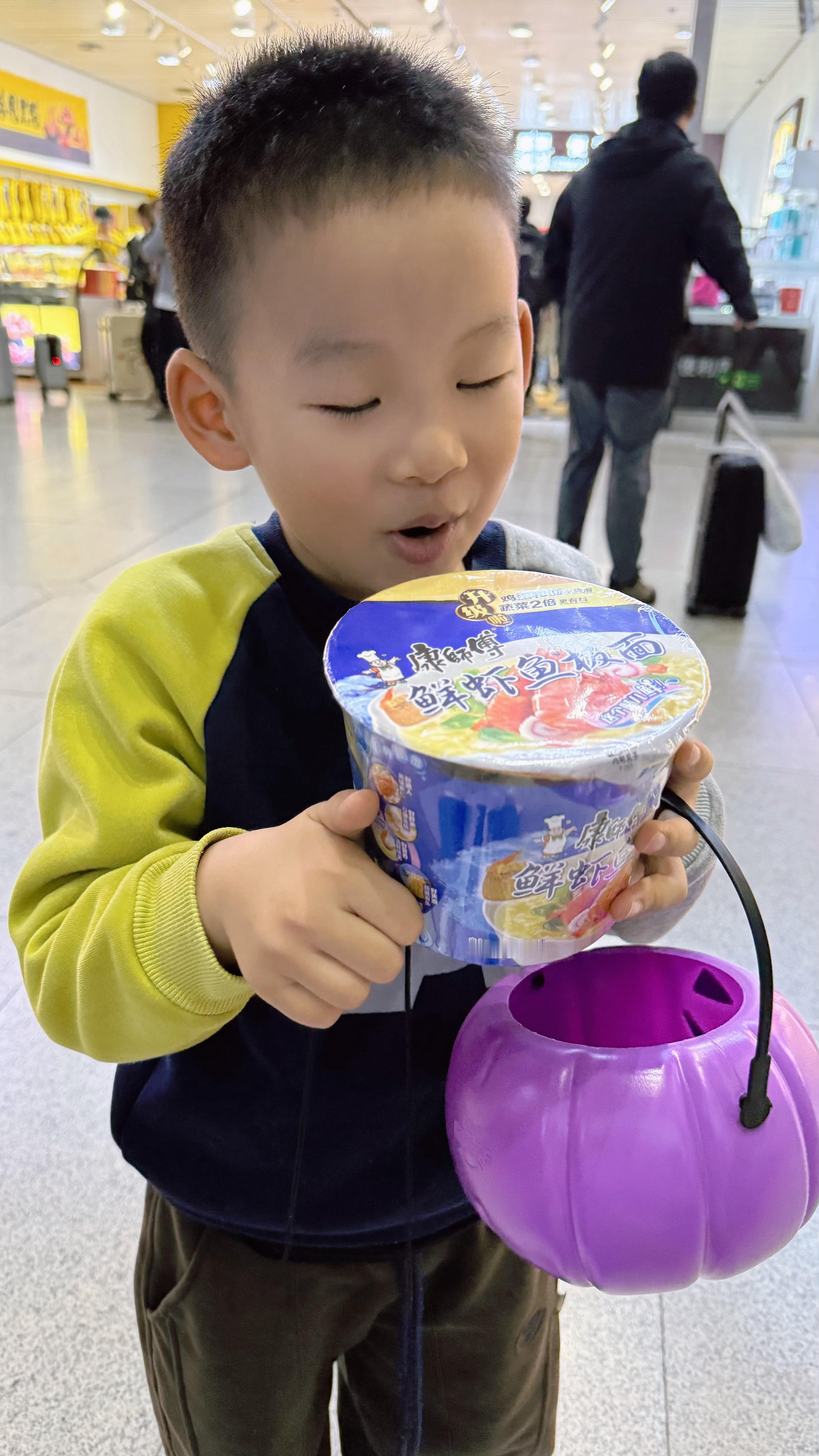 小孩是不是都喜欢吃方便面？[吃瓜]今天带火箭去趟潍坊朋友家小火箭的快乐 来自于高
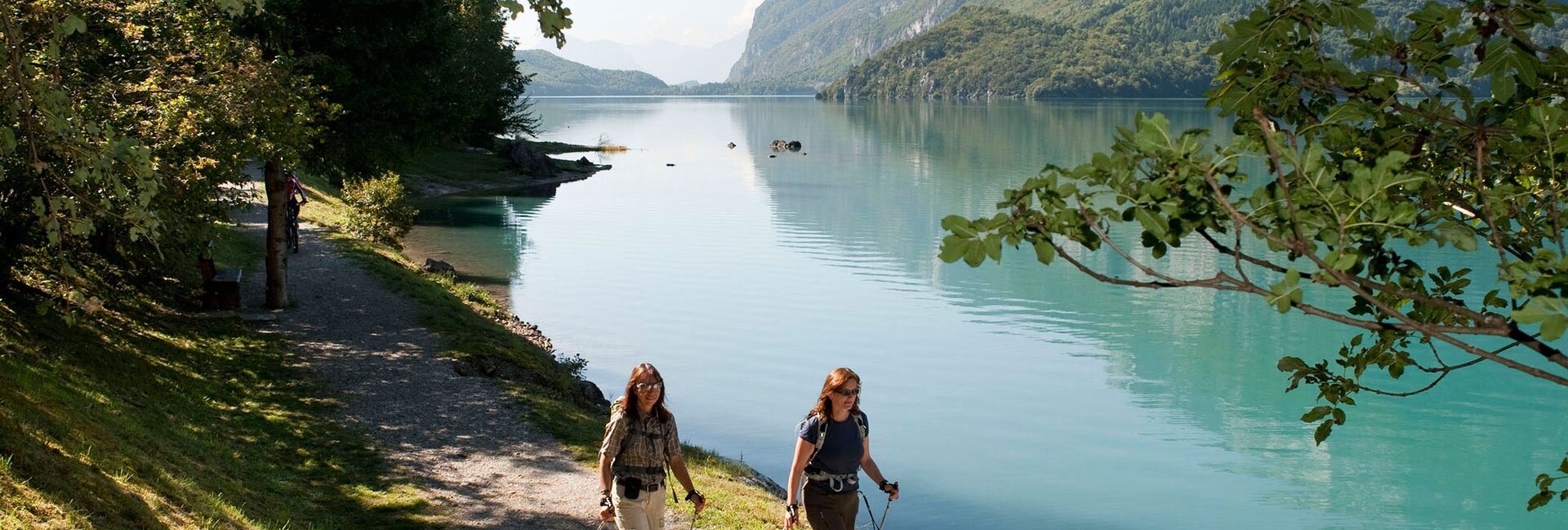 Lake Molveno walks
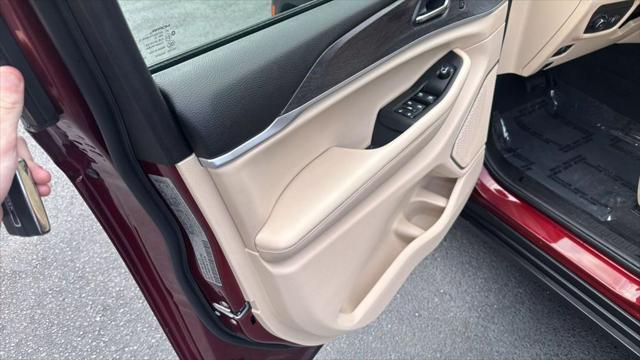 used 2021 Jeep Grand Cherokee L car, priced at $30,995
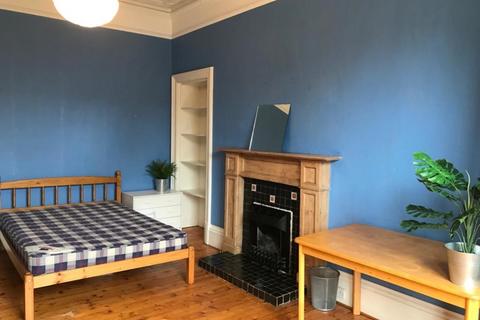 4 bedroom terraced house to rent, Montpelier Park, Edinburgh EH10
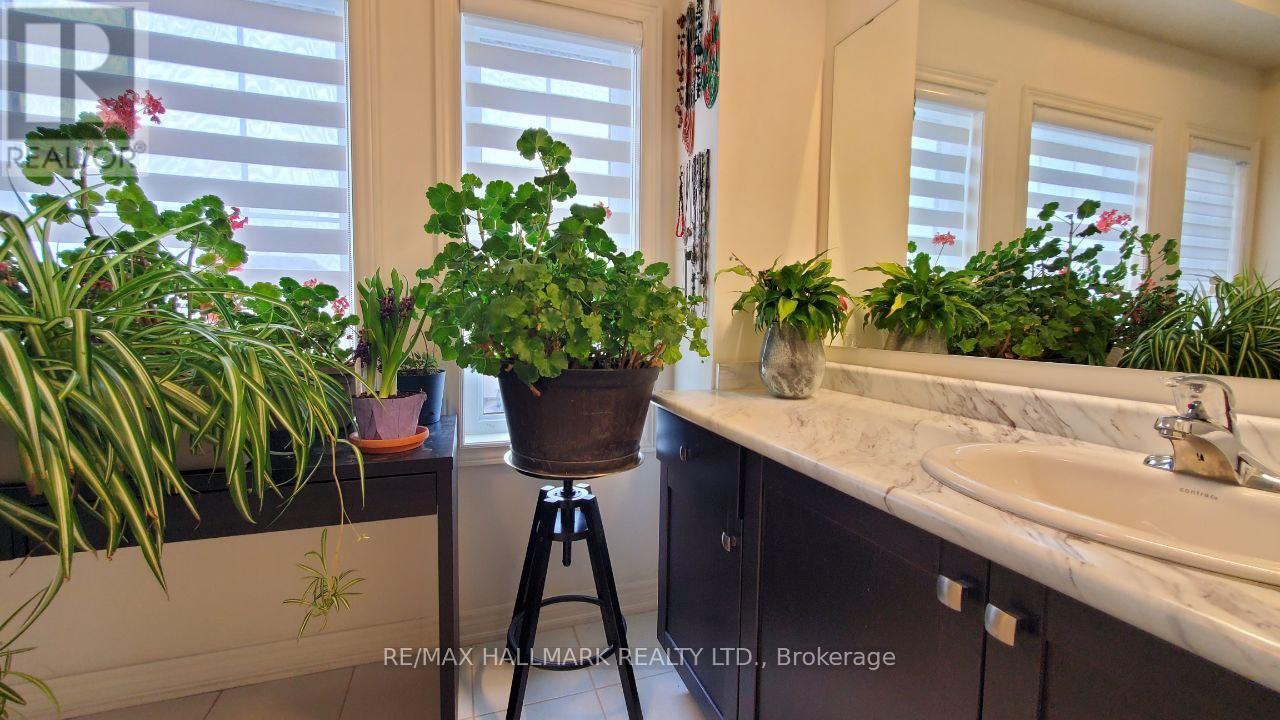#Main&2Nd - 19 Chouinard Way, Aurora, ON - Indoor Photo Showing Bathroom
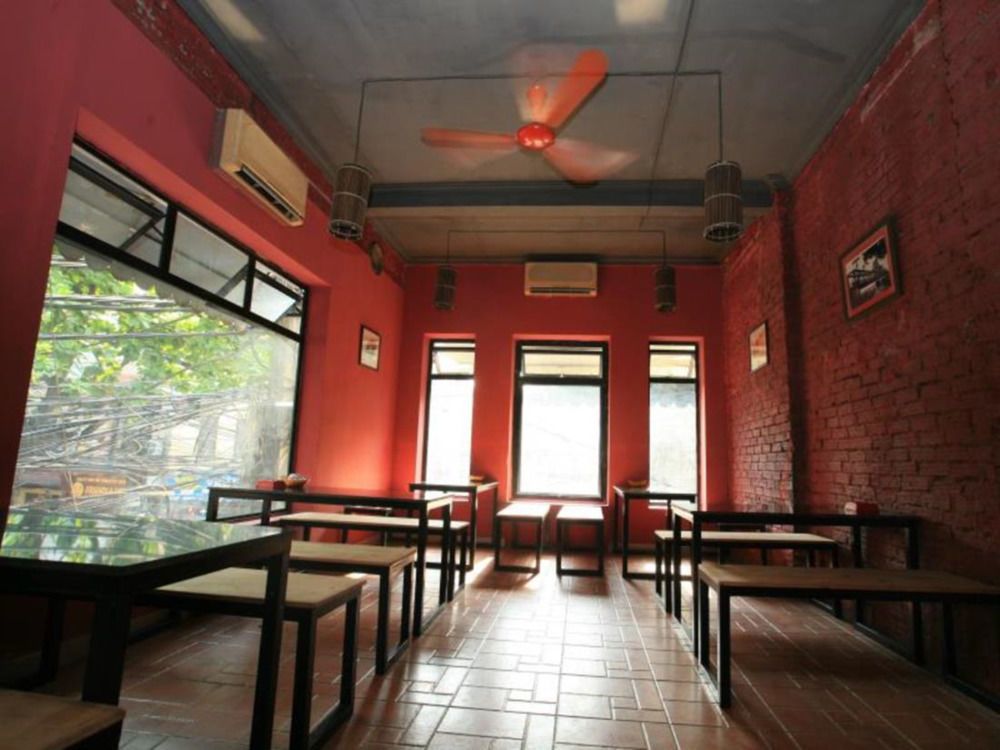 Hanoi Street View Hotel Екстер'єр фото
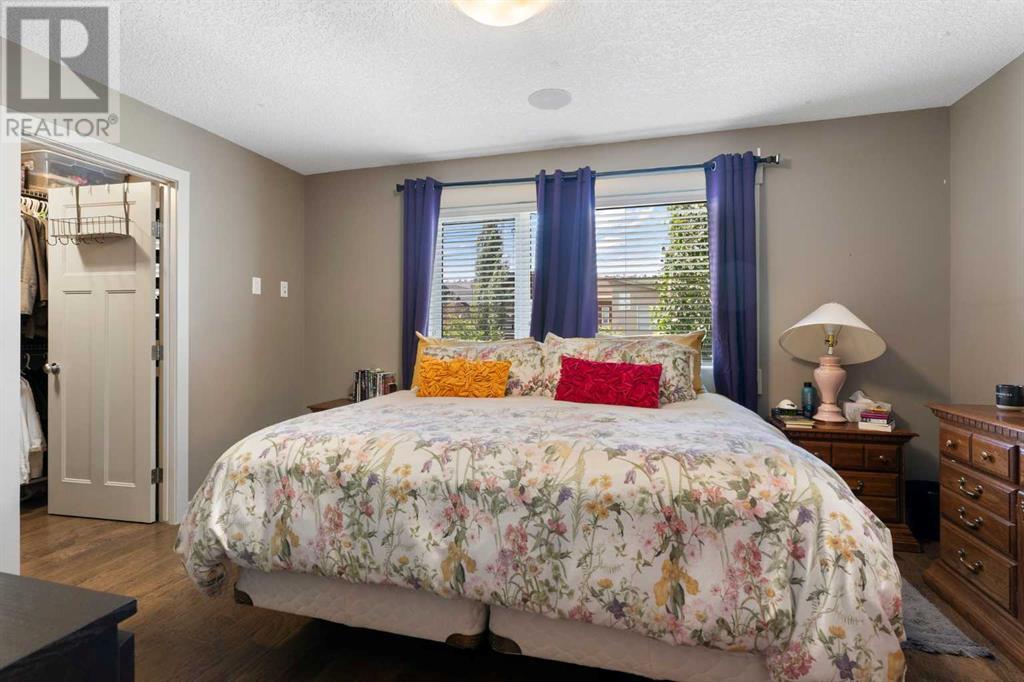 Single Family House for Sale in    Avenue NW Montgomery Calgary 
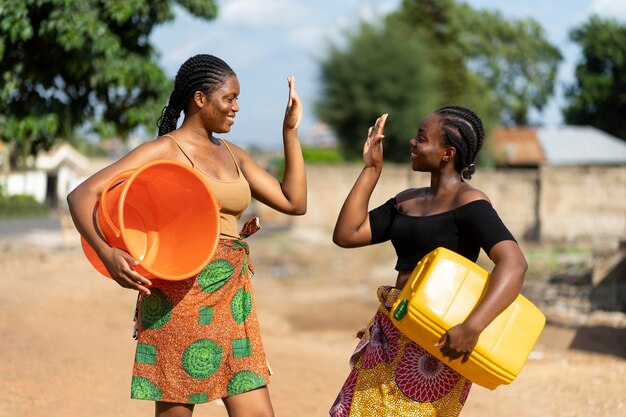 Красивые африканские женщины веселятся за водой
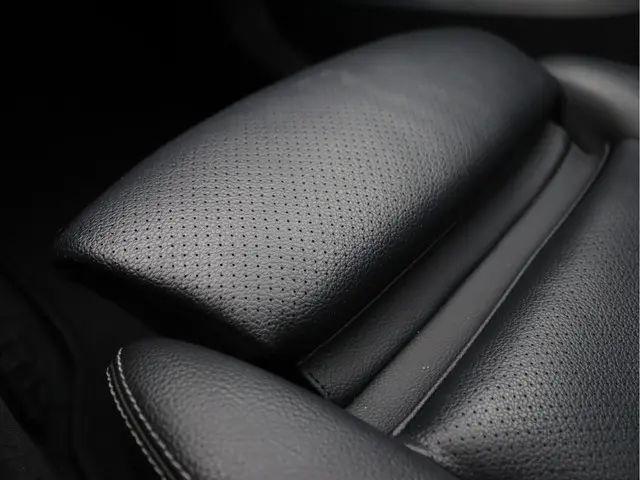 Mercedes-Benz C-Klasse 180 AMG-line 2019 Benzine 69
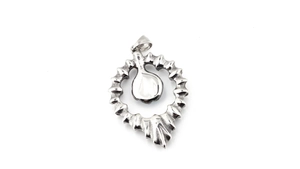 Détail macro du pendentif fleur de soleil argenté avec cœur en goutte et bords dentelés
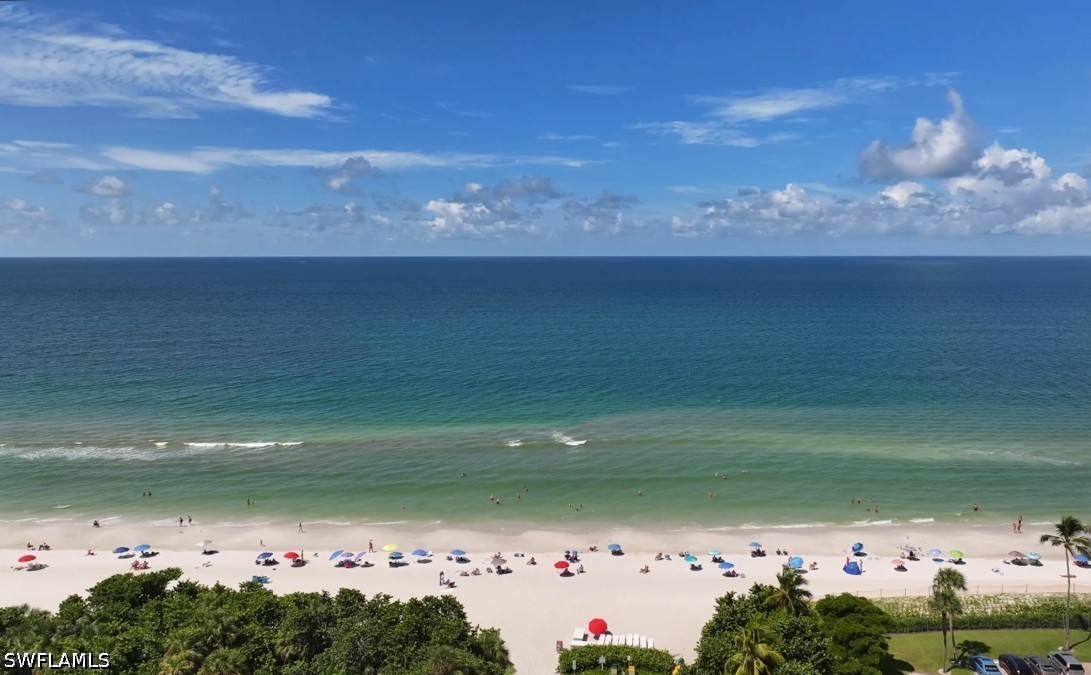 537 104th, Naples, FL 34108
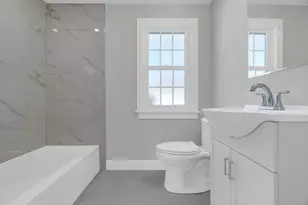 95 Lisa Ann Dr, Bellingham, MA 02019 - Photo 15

== == ==

- _Problem statement_: Print each record exactly as it stands, leaving the images out.

- _Answer box_:
 小孩是不是都喜欢吃方便面？[吃瓜]今天带火箭去趟潍坊朋友家小火箭的快乐 来自于高
 Lake Molveno walks
 used 2021 Jeep Grand Cherokee L car, priced at $30,995
 4 bedroom terraced house to rent, Montpelier Park, Edinburgh EH10
#Main&2Nd - 19 Chouinard Way, Aurora, ON - Indoor Photo Showing Bathroom
 Hanoi Street View Hotel Екстер'єр фото
 Single Family House for Sale in    Avenue NW Montgomery Calgary 
 Красивые африканские женщины веселятся за водой
 Mercedes-Benz C-Klasse 180 AMG-line 2019 Benzine 69
 Détail macro du pendentif fleur de soleil argenté avec cœur en goutte et bords dentelés
 537 104th, Naples, FL 34108
 95 Lisa Ann Dr, Bellingham, MA 02019 - Photo 15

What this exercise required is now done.